= Whitmore Mountains =

Mountain range in Antarctica

The Whitmore Mountains are an isolated mountain range of the Transantarctic Mountains System, located in the Marie Byrd Land region of West Antarctica.

They consist of three mountains and a cluster of nunataks extending over 15 miles. The group was visited and surveyed on January 2, 1959, by William H. Chapman, cartographer with the Horlick Mountains Traverse Party (1958–59). The mountains were named by Chapman for George D. Whitmore, Chief Topographic Engineer of the United States Geological Survey (USGS), who was a member of the Working Group on Cartography of the Scientific Committee on Antarctic Research.

== Geological features ==
=== Linck Nunataks ===
Linck Nunataks is a group of four small, ice-covered nunataks at the southeast end of the Whitmore Mountains. Three of the nunataks are together and aligned while the fourth lies 2.5 miles distant. They were visited and surveyed on January 2, 1959, by the Horlick Mountains Traverse Party.

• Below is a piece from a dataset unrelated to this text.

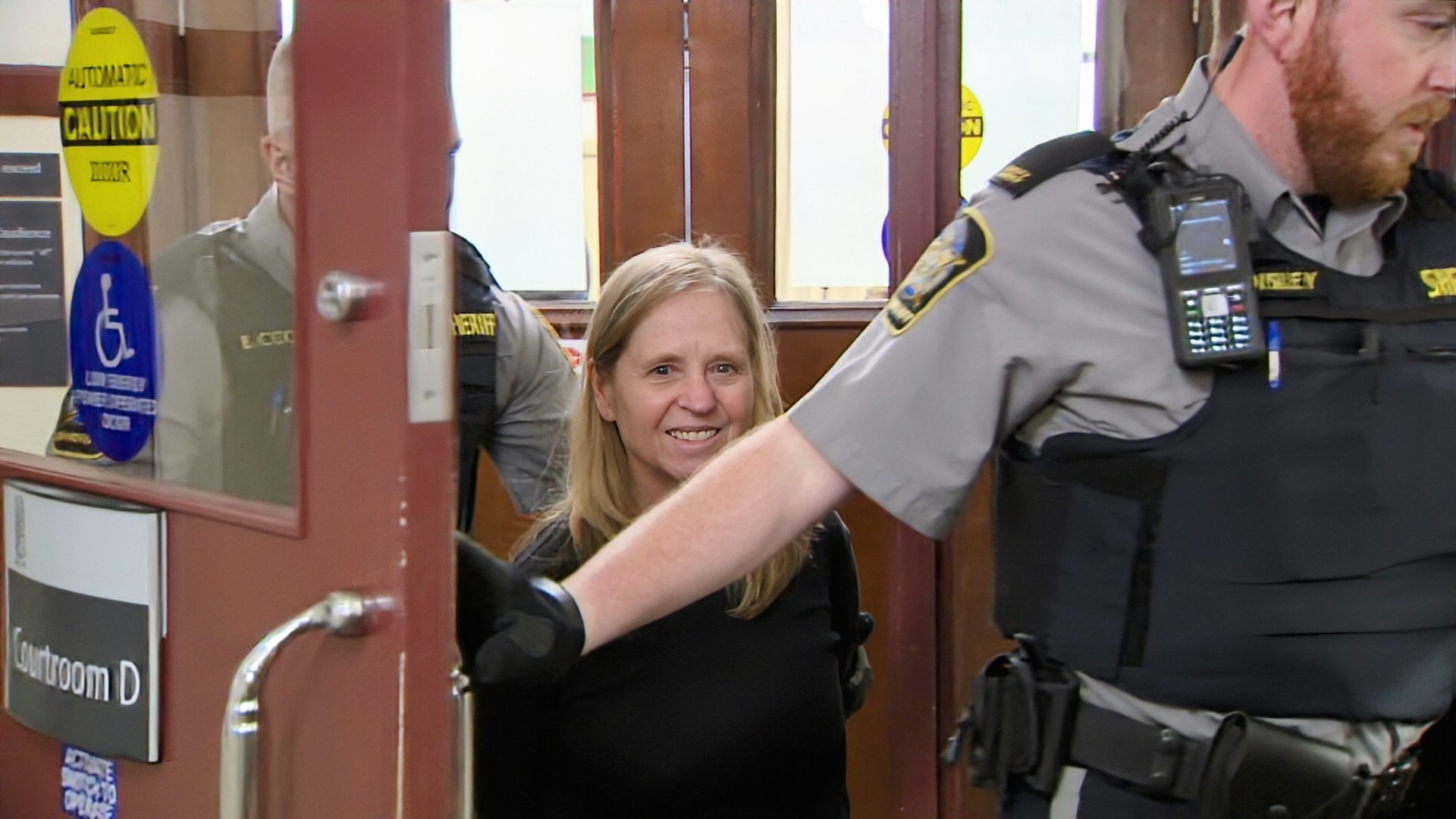 Бивш главен изпълнителен директор на здравеопазването в Нова Скотия е осъден за измама с детска болница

William H. Chapman, party surveyor, proposed the naming for M. Kerwin Linck, Chief of the Branch of Special Maps of the USGS.

=== Mount Radlinski ===
Mount Radlinski is a rounded, smooth, ice-covered mountain (2,750 m) rising 4 miles southeast of Mount Seelig in the northeast part of the Whitmore Mountains. It was surveyed on January 2, 1959, by William H. Chapman, a member of the Horlick Mountains Traverse (1958–59). Mount Radlinski was named by Chapman after William A. Radlinski, United States Geological Survey (USGS) photogrammetrist, 1949–79; associate director of USGS, 1969–79; president, American Society of Photogrammetry, 1968; president, International Federation of Surveyors, 1973–75.

=== Mount Seelig ===
Mount Seelig is the largest and highest mountain in the Whitmore Mountains, rising to 3020 m at the northeast end of the group. It was surveyed on January 2, 1959, by William H. Chapman of USGS, a member of the Horlick Mountains Traverse Party, 1958–59. He named the mountain after Walter R. Seelig, Office of Polar Programs, National Science Foundation, 1960–86, who developed the USGS-NSF plan for topographic mapping of Antarctica; NSF Representative in Christchurch, N.Z., during eleven United States Antarctic Research Program (USARP) austral seasons between 1971 and 1986, including seventeen trips to Antarctica and adjacent seas; member, United States Advisory Committee on Antarctic Names, 1973–86; chairman, 1976–86.